The “Protecting Speech from Government Interference Act,” which expands the Hatch Act, defines censorship as using influence or coercion to remove or suppress lawful speech from an interactive computer service.

It also sees censorship as adding a disclaimer or other alerts to lawful speech expressed on an interactive computer service or restricting a person’s access to a publicly available interactive computer service under certain conditions.

The legislation states that “lawful speech” is defined as speech protected by the Constitution’s First Amendment.

The legislation, authored by Rep. James Comer, Kentucky Republican and Chairman of the House Oversight Committee has 16 GOP co-sponsors and is expected on the House floor this week.

The bill is unlikely to make its way to the Democratic-controlled Senate, but Republicans will use it as fodder in the upcoming 2024 elections.

The bill comes in the wake of Elon Musk’s release of the past management’s Twitter files, which revealed backchannel communications between FBI personnel and now former Twitter management back in December.

In numerous emails from November 2022, leading up to this year’s midterm elections, the FBI compiled a list of accounts that the agency had determined violated Twitter’s terms of service, independent journalist Matt Taibbi, showed.

In one email, Elvis Chan, the assistant Special Agent in Charge of the FBI’s San Francisco Cyber Branch, identified 25 accounts determined by the agency’s National Election Command Post as having disseminated “false information about the time, place, or manner of the upcoming elections.”

“Let us know if you decide to take any actions against these accounts based on our tipper to you,” the email read. “Also let us know if we need to issue a preservation letter as we intend to serve legal process for the accounts. Thanks for your consideration.”

A Twitter employee replied with an update to the FBI, saying that it had permanently suspended seven of the accounts, temporarily suspended one account and “had Tweets bounced for civic misinformation policy violations” from nine accounts.

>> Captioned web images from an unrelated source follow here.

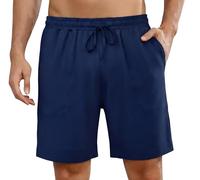 Bresdk Schlafanzughose Herren Kurz Große Größen Sommer Schlafhose mit Seitenschlitz Shorty Pyjamahose für Männer Marineblau 3XL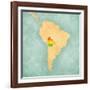 Map Of South America - Bolivia (Vintage Series)-Tindo-Framed Art Print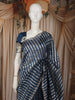 Deep Navy Blue Striped Zari Woven Design Pure Organza Saree with Designer Border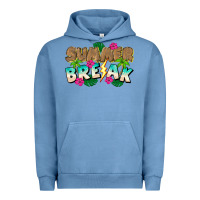 Pigment Pebble Blue Summer Break Urban Hoodie - CowhideDigitalArt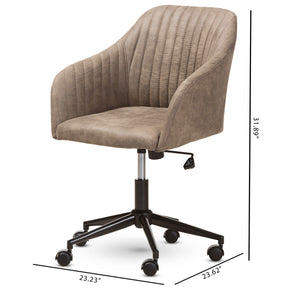 Baxton Studio Maida Mid-Century Modern Light Brown Fabric Upholstered Office Chair Baxton Studio-office chairs-Minimal And Modern - 9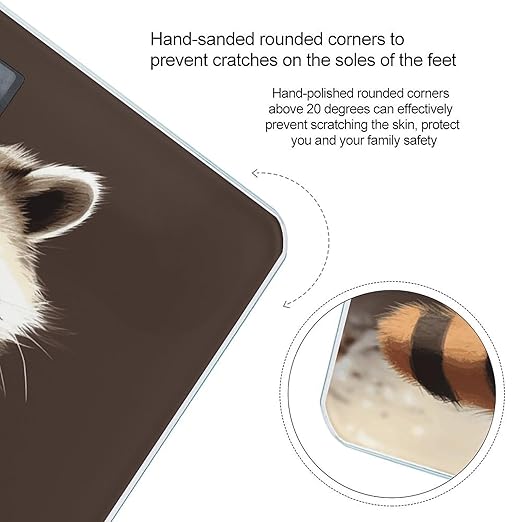 Cute Raccoon Bathroom Scale Large LCD Backlight Display Digital Scale Rounded Corners Body Scales Automatic Power On/Off Bathroom Scales for Home Bedrooms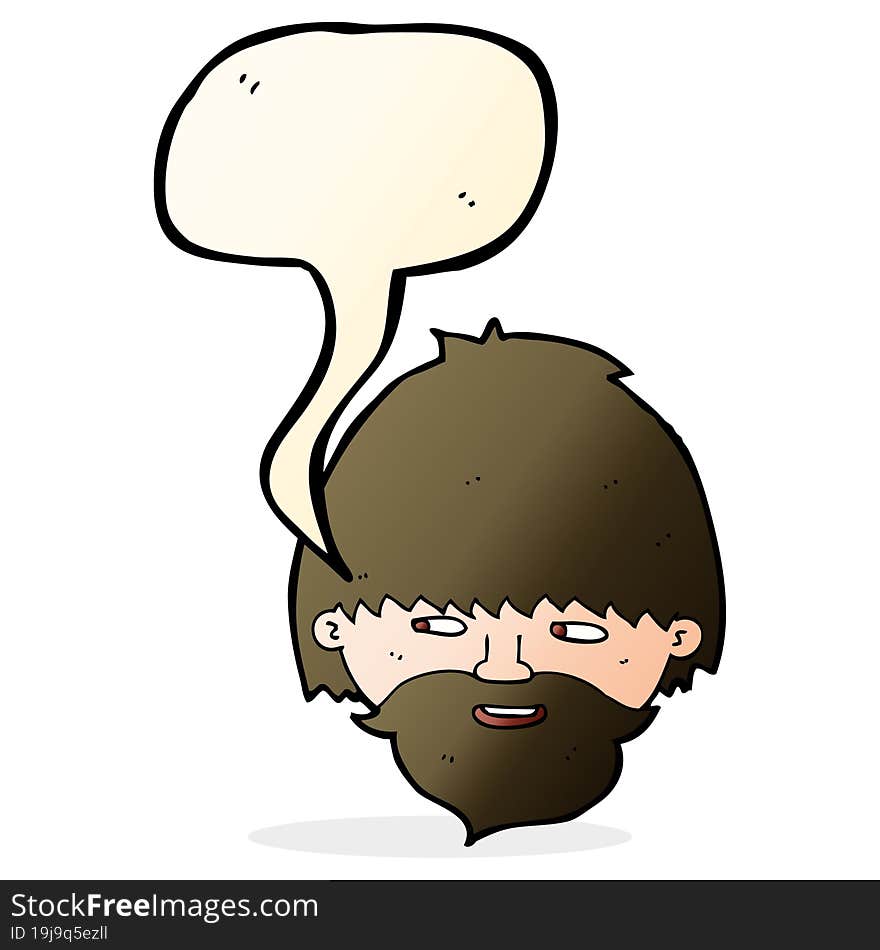 Cartoon Bearded Man With Speech Bubble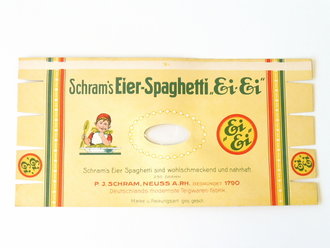 Verpackung "  Schram´s Eier Spaghetti "  Maße  14 x 29cm, ungebrauchtes Firmenmuster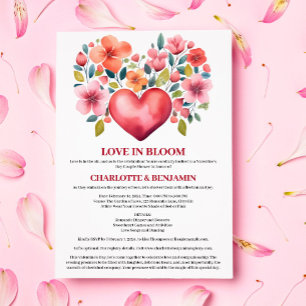 Kärlek i Blommande Valentinstema Bröllopsfest Inbjudningar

“Many of the above accounts were satirical in nature, nearly all… were relatively low engagement, and some were suspended, most with a generic, ‘Thanks, Twitter’ letter,” Mr. Taibbi wrote.

Although activities related to law enforcement would be exempted from the bill’s prohibition, agencies undertaking these actions under that exclusion would need to report to Congress before taking any action.

An employee who violates this measure of legislation could result in additional civil penalty collections, which are treated as revenues in the budget. Disciplinary actions listed bill are removal, reduction in grade, debarment from Federal employment for a period not to exceed 5 years, suspension or reprimand.

A federal staffer can also face a civil penalty assessment not exceeding $1,000. However, any employee who is a senior government official who is paid from an appropriation for the White House Office, appointed by the President with and without a Senate confirmation, can face a civil penalty not to exceed $10,000.